Decision history

OSdatascanner is fairly well documented in a technical sense. That is, the code is mostly written in a self-explanatory way. However, there is a gap between understanding how something works and why it should work.

This chapter documents the decisions made along the way, and is intended to be a source of consultation in case of considerations about removing code or altering functionality.

Rule validation

Some rules have additional validation logic. This logic is intended to weed out false positives, and often stem from real-world cases.

CPRRule

The CPR rule matches 10-digit numbers through a regular expression. These numbers are allowed to be separated at specific places by specific symbols: The first six digits may not be separated.
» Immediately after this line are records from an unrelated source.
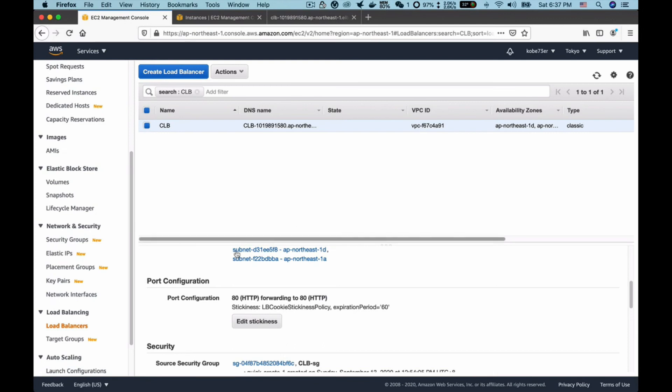This is because we enabled the load balancer stickiness. Please remember the expiration period will be one minute, so after one minute the load balancer will distribute our traffic dynamically again. That's all about the load balancer stickiness.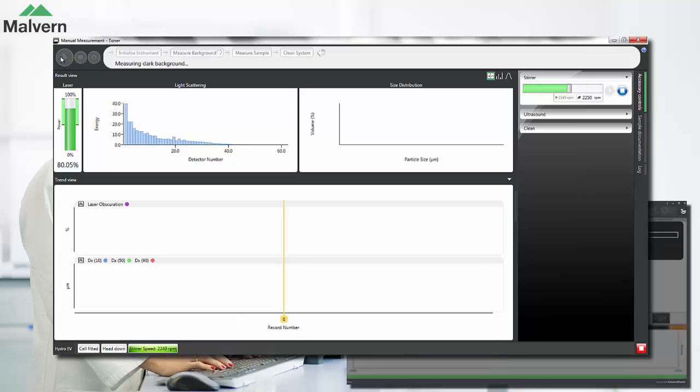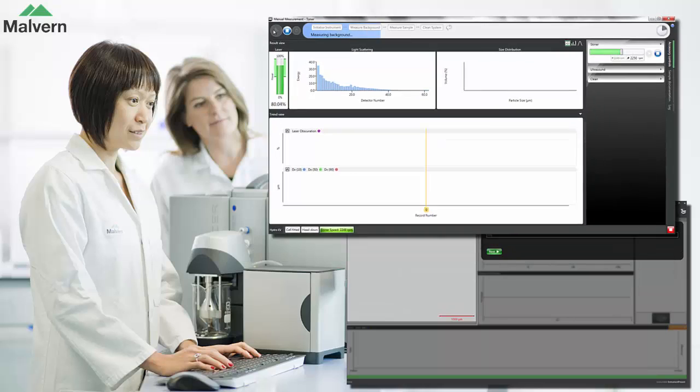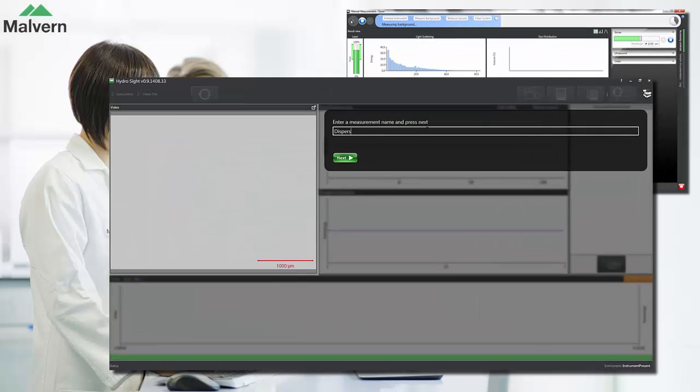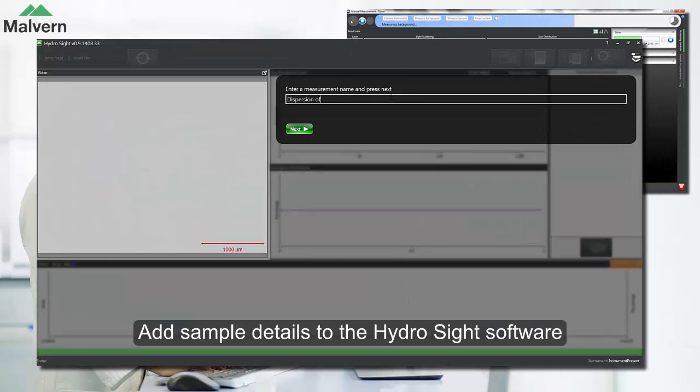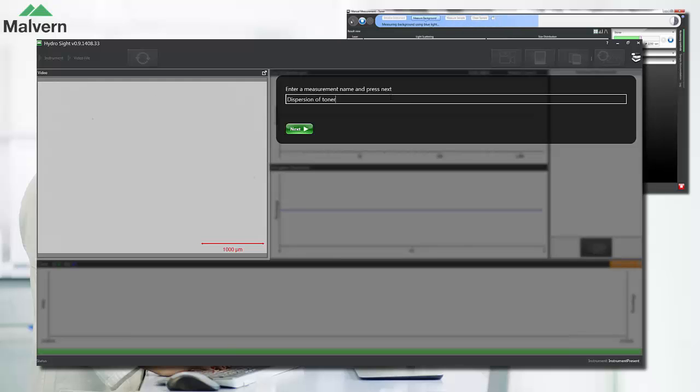We'll start with the MasterSizer measurement by running the alignment and background. We can then move to the HydroSight software and add some sample details. In this demo we're going to look at a dispersion of a toner sample.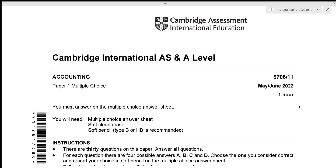Hi everyone, today we'll be going over Accounts May/June 2022 Paper 11. This is a multiple choice paper which consists of 30 questions, each of one mark, and we are also given a time limit of one hour.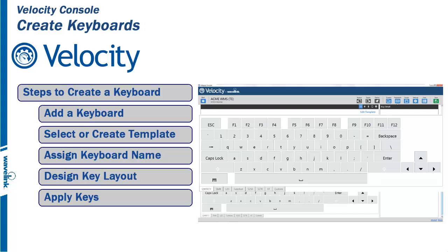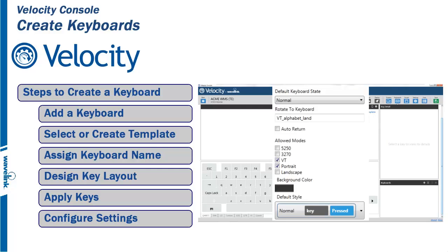If you want to change any of the keys on the layout, you can use the key template at the bottom of the screen to drag and drop keys onto the keyboard template. The last step is to configure the settings of the keyboard.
Digit 6 and digit 7 may be separated by a space, a tabulation, or one of the symbols - (with spaces on either side), /, or .. The last 4 digits must not be separated.

In addition, CPRRule has a few validation options.

Modulus-11 check

Danish CPR-numbers issued before the 1st of October 2007 calculate their last digit by the "Modulus-11"-method. CPR-numbers from some dates are exempt from this check. This exception is considered in OSdatascanners modulus-11 check, and exempted numbers are considered valid CPR-numbers.

This validation serves as an initial method to ensure that any 10-digit number identified is indeed a legitimate and valid Danish CPR-number.

Probability check

The CPRRule can also calculate a probability for the CPR-number. The check works by calculating all valid CPR-numbers for the birth date of the checked number, and finding the index of the checked number in the sequence of all valid numbers.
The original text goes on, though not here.